I didn’t sleep for a full 48 hours after my waters broke. A fifteen hour labour was followed by a night in the ward where my baby wouldn’t sleep unless I was holding him. If I laid him in his plastic cot he would cry, none of the other babies on the ward were crying, so I sat up alone with him that first long, long night. Naively I envisaged going home, having a long nap and then resting and looking after the baby, feeling a lot better.
Not the case. Baby R didn’t sleep for the first two weeks unless me or D were holding him. I usually would sleep for two hours in the evening, then stay up with him all night, before maybe getting another two hours either early morning or afternoon.
When D was preparing to go back to work, me and R camped out in a separate room so D could get some sleep and I would try and lie him in his Snuzpod. I would excitedly regale D with the night’s antics every morning – ‘he slept in it for half an hour last night! and then another half hour later on!’. My nights would consist of breastfeeding, R sicking up, holding him upright for half an hour to try to keep some milk down, putting him in the Snuzpod, then snatching a few minutes sleep myself before he would wake up and we started again.
I drank a lot of tea and watched a lot of Netflix.
Around 3 am was my worst point, and I would wake D up to make me a mug of tea and a snack and beg him just to talk to me for a few minutes.
I was so scared that I would fall asleep with R in my arms that when I finally did get some sleep I would wake up convinced that he was in the bed. One night I woke up, jumped out of bed, stripped the covers off and was frantically searching for R before noticing he was asleep in the Snuzpod.

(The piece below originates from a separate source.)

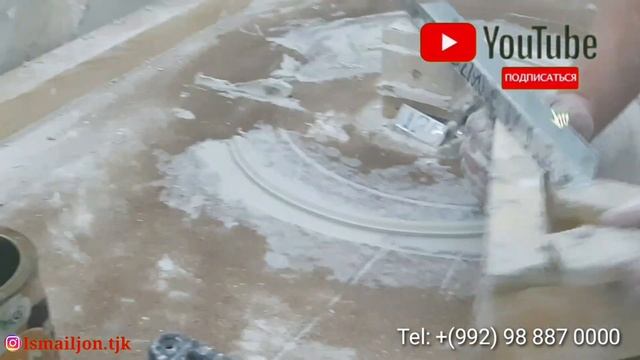 Как сделать радиусный тяги из гипса??? смотреть онлайн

One night D woke to me banging my head against the headboard whilst nursing R, he asked me what I was doing and I said it was the only way I could stay awake. He took R then, but he would only go for two hours before needing milk again.
I don’t know how I got through the first three months. I genuinely don’t. It drove me to the point where I was crying from sheer tiredness, crying because R needed feeding and crying when he cried. Then crying because I was crying and I felt like he shouldn’t have a mummy who cried all the time. Spoiler alert: I’m crying now, it does weird things to you this motherhood lark.

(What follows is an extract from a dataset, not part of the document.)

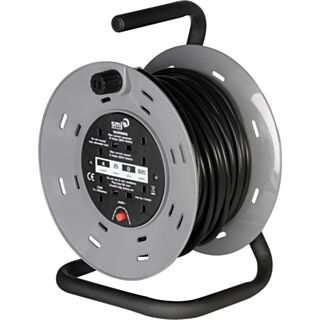 SMJ 4 Gang Extension Cable Reel With Thermal Cutout 13Amp 240V 1.25mm x 25mtr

It’s not just being ‘tired’, its a bone aching exhaustion, your mind feels foggy, your body has just been through an incredible ordeal and really you should be tucked up in bed resting. Instead you’ve got a baby hanging off your boob, visitors left right and centre, and all the other usual life admin to get done.

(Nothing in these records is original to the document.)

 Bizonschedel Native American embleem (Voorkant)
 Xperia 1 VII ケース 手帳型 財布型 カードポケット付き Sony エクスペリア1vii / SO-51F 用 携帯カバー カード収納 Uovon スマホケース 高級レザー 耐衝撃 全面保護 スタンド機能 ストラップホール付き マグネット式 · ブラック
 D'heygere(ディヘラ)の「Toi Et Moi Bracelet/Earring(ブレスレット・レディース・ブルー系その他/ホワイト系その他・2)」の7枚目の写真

A lot of arguments between D and I didn’t help either. Being tired makes me short-tempered and it was D I took it out on. And I can be a nasty little bitch when I want to. We really struggled to communicate. We barely saw each other as I would be trying to cram some sleep in on an evening when he got home from work, and then we would be straight into witching hour with R crying and one or the other of us pacing up and down trying to calm him .
Those were awful awful times, we both said horrible things to each other, and we hurt each other. Rather than pulling us together as a family there were moments where I truly thought having a baby might break us. But it didn’t. I don’t think there was one particular moment, but we gradually learnt how to get through it together. We talk more now, and if I am worn out and grouchy I tell D rather than snapping at him.
For those of you reading this think holy bloody hell, this woman is depressing me, it does get better. R is nine months old now, we are yet to have a night where he sleeps through, but we are slowly getting there. At the moment we tend to only have a couple of wake ups throughout the night although the mornings do start between 5-6 am. The best thing is that me and D are so good right now, we have a better routine, we share the housework, and we pull together to make sure all three of us are rested and happy.
There’s still bad days, when I am so tired that I put the olives in the drawer and the clingfilm in the fridge, but we get through them – one mug of coffee at a time.